In some ways, it’s just a little thing.  A meal.  A meatloaf.  Some noodles.  Warm stew.  A plate of cookies.  Salad.  They make food for their own families, a daily labor of love and butter that generally goes unnoticed and unthanked.  It’s one of the most basic and assumed facets of the motherhood career, the daily physical sustenance of their household.

Well, that day long ago when that momma was going about her daily ablutions and baking that bread, Jesus was not far way.  He was busy too, spending the day teaching hungry people about the Bread of Life.  He was offering living water to dehydrated souls.  He renewed broken bodies, refreshed tired minds, fed hope to the weary.  But He wasn’t baking bread for them.

He left that to the professional.

Those calloused, veined, unsuspecting momma hands dumped five loaves and a couple dried fish in a pouch as her son ran out the door to go see Jesus.  She watched at the door as the pouch bumped against his legs, flattening the loaves and breaking fragments of the crispy fish.  Then she returned to her daily work, unaware what great things God had used her humble hands for that day.  Her hands changed diapers, hugged a friend when she stopped by, swatted the toddler’s backside when he didn’t mind her, scrubbed the sweaty, fish-scaled cloak her husband wore in the boat on rainy nights, smoothed a young daughter’s flyaway hair.  But several hours later, as Jesus stood on the hillside with the contents of her son’s food pouch held in His own, it was that momma’s hands that He asked His Father to bless for preparing their feast.

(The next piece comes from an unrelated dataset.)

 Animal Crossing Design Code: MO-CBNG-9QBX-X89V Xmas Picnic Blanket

It was her bread that Jesus handed to His disciples.  It was her bread that fed over five thousand men.  It was her bread that many other hungry mommas and children ate as they sat on that hillside with Jesus.  It was the excess of her bread that overflowed a dozen baskets after everyone was full – of her bread.

She sat down in surprise when her son told her about his day with Jesus.  She breathed in sharply, thinking of the thousands who ate the humble meal she’d thrown together for her family.  Now she really wondered if the batch had been too dry!  This simple fare, the recipe she’d perfected over years of daily practice and necessity, had just been used to sustain so many of both her neighbors and complete strangers.

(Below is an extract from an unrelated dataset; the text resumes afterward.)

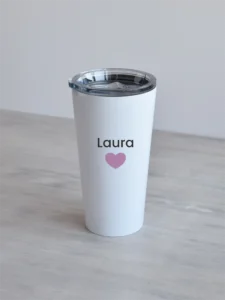 480ml valge termostass, roosa süda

She had simply been about her daily business, her act of love for her family that they all took for granted.

And in so doing, she’d fed the Son of God.

She’d given a feast to satisfy both beggars and rich men.

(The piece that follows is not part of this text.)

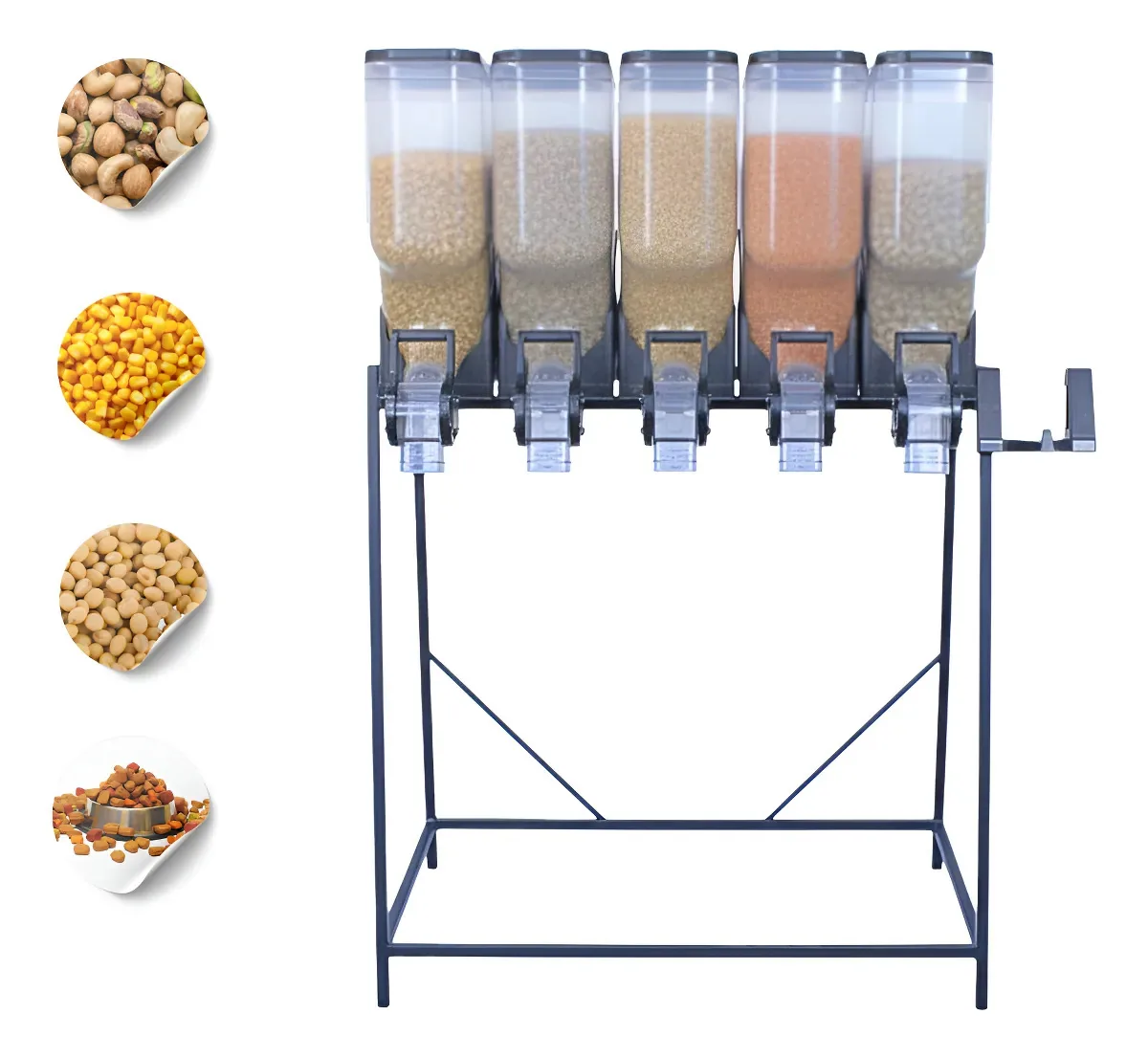 Armazenador De Cereais Dispenser De Ração Soja Catanha 50kg Cor Preto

She’d relaxed other mommas worried about their own families’ hunger.

Her simple chore had an impact of Biblical proportions.  All four gospel writers mentioned it; thousands of preachers have since expounded on it, billions of folks down through history have heard the story of that simple meal.

Maybe, Momma, you didn’t consider your weeknight chicken and potatoes could be epic.  You didn’t know your humble pie was at the level of gospel truth.  You wouldn’t have believed your basic quiche could impact generations.  You couldn’t see how that pinch of yeast would rise bread high enough to touch heaven.  You didn’t know that the glass of water you poured for the least of these was accepted by Jesus Himself.  You simply did what you do every day, loving your family tangibly through cheese and broccoli, making enough extra to share.  But God can make your meatloaf into someone’s miracle.

A plate of tacos can go a long way in God’s kingdom.

Thanks mommas.  Jesus said you could be the salt of the earth.  Literally.  Keep cooking.  May your noodles be blessed.